Encryption is the process of scrambling data so that it can't be read by unauthorized parties. An encryption algorithm (or cipher) is a particular method of performing the scrambling; examples of currently popular encryption algorithms are RSA, AES, DSA, and Blowfish. The original, readable data is called the plaintext , or data "in the clear," while the encrypted version is called the corresponding ciphertext.
The goal of an encryption algorithm is to convert plaintext to ciphertext. To do this, you pass two inputs to the encryption algorithm: the plaintext itself, and a key, a string that is typically a secret known only to you. From these inputs, the algorithm produces the ciphertext. An encryption algorithm is considered secure if it is infeasible for anyone to read (or decrypt) the encrypted ciphertext without the key. An attempt to decrypt data without its key is called cryptanalysis.

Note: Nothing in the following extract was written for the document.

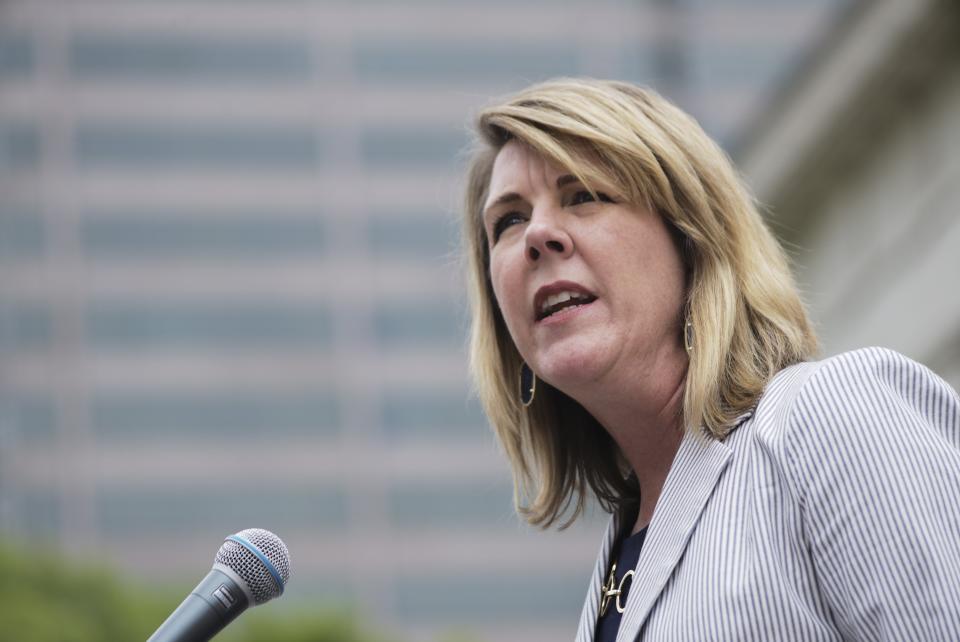 Ohio Rep. Allison Russo (D-Upper Arlington) speaks alongside Ohio Democratic gubernatorial candidate and Dayton Mayor Nan Whaley, not pictured, as they unveil an anti-corruption plan during a press conference on Tuesday, June 1, 2021 at the Ohio Statehouse in Columbus, Ohio.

It's important to understand the word "infeasible" in the previous paragraph. Today's most popular and secure ciphers are vulnerable to brute-force attacks: if you try every possible key, you eventually succeed in decryption. However, when the number of possible keys is large, a brute-force search requires a great deal of time and computing power. Based on the state of the art in computer hardware and algorithms, it is possible to pick sufficiently large key sizes to render brute-force key-search unreasonable for your adversary. What counts as infeasible, though, depending on how valuable the data is, how long it must stay secure, and how motivated and well-funded your adversary is. Keeping something secret from your rival startup for a few days is one thing; keeping it secret from a major world government for 10 years is quite another.

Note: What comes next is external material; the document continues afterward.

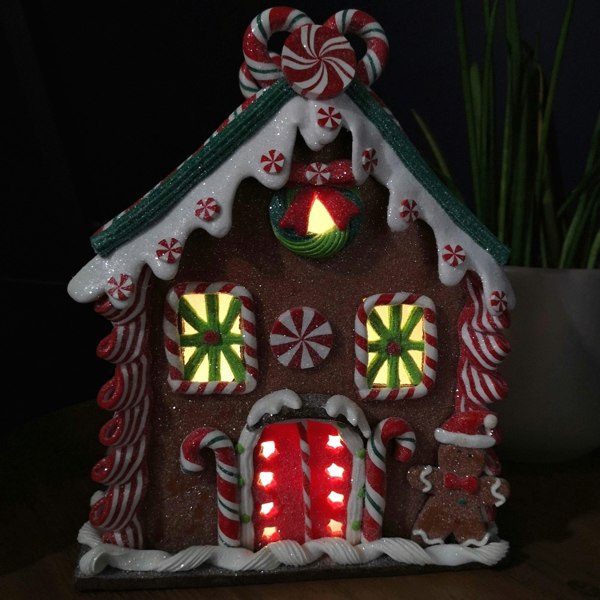 Samuel Alexander 23cm Battery Operated LED Christmas Gingerbread Candy Chalet Decoration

Of course, for all this to make sense, you must be convinced that brute force is the only way to attack your cipher. Encryption algorithms have structure and are susceptible to mathematical analysis. Over the years, many ciphers previously thought secure have fallen to advances in cryptanalysis. It isn't currently possible to prove a practical cipher secure. Rather, a cipher acquires respectability through intensive study by mathematicians and cryptographers. If a new cipher exhibits good design principles, and well-known researchers study it for some time and fail to find a practical, faster method of breaking it than brute force, then people will consider it secure.[12]
Encryption algorithms as described so far are called symmetric or secret-key ciphers; the same key is used for encrypting and decrypting. Examples are Blowfish, AES, 3DES, and RC4. Such a cipher immediately introduces the key-distribution problem: how do you get the key to your intended recipient? If you can meet in person every once in a while and exchange a list of keys, that's all well and good, but for dynamic communication over computer networks, this doesn't work.

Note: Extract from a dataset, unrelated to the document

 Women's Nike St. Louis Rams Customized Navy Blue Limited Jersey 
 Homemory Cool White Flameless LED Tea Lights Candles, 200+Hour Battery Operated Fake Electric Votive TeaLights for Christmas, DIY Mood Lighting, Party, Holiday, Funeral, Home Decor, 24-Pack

Public-key, or asymmetric, cryptography replaces the single key with a pair of related keys: public and private. They are related in a mathematically clever way: data encrypted with one key may be decrypted only with the other member of the pair, and it is infeasible to derive the private key from the public one. You keep your private key, well, private, and give the public key to anyone who wants it, without worrying about disclosure. Ideally, you publish it in a directory next to your name, like a telephone book. When someone wants to send you a secret message, they encrypt it with your public key. Other people may have your public key, but that won't allow them to decrypt the message; only you can do that with the corresponding private key. Public-key cryptography goes a long way toward solving the key-distribution problem.[13]
Public-key methods are also the basis for digital signatures: extra information attached to a digital document to provide evidence that a particular person has seen and agreed to it, much as a pen-and-ink signature does with a paper document. Any asymmetric cipher (RSA, ElGamal, Elliptic Curve, etc.) may be used for digital signatures, though the reverse isn't true. For instance, the DSA algorithm is a signature-only public-key scheme and is not intended to be used for encryption. (That's the idea, anyway, although it's easy to use a general DSA implementation for both RSA and ElGamal encryption. That was not the intent, however.)
Secret-and public-key encryption algorithms differ in another way: performance. All common public-key algorithms are enormously slower than secret-key ciphers—by orders of magnitude. It is simply infeasible to encrypt large quantities of data using a public-key cipher. For this reason, modern data encryption uses both methods together. Suppose you want to send some data securely to your friend Bob Bitflipper. Here's what a modern encryption program does:
Generate a random key, called the bulk key, for a fast, secret-key algorithm like 3DES (a.k.a. the bulk cipher).
Encrypt the plaintext with the bulk key.
Secure the bulk key by encrypting it with Bob Bitflipper's public key, so only Bob can decrypt it. Since secret keys are small (a few hundred bits long at most), the speed of the public-key algorithm isn't an issue.
To reverse the operation, Bob's decryption program first decrypts the bulk key, and then uses it to decrypt the ciphertext. This method yields the advantages of both kinds of encryption technology, and in fact, SSH uses this technique. User data crossing an SSH connection is encrypted using a fast secret-key cipher, the key for which is shared between the client and server using public-key methods.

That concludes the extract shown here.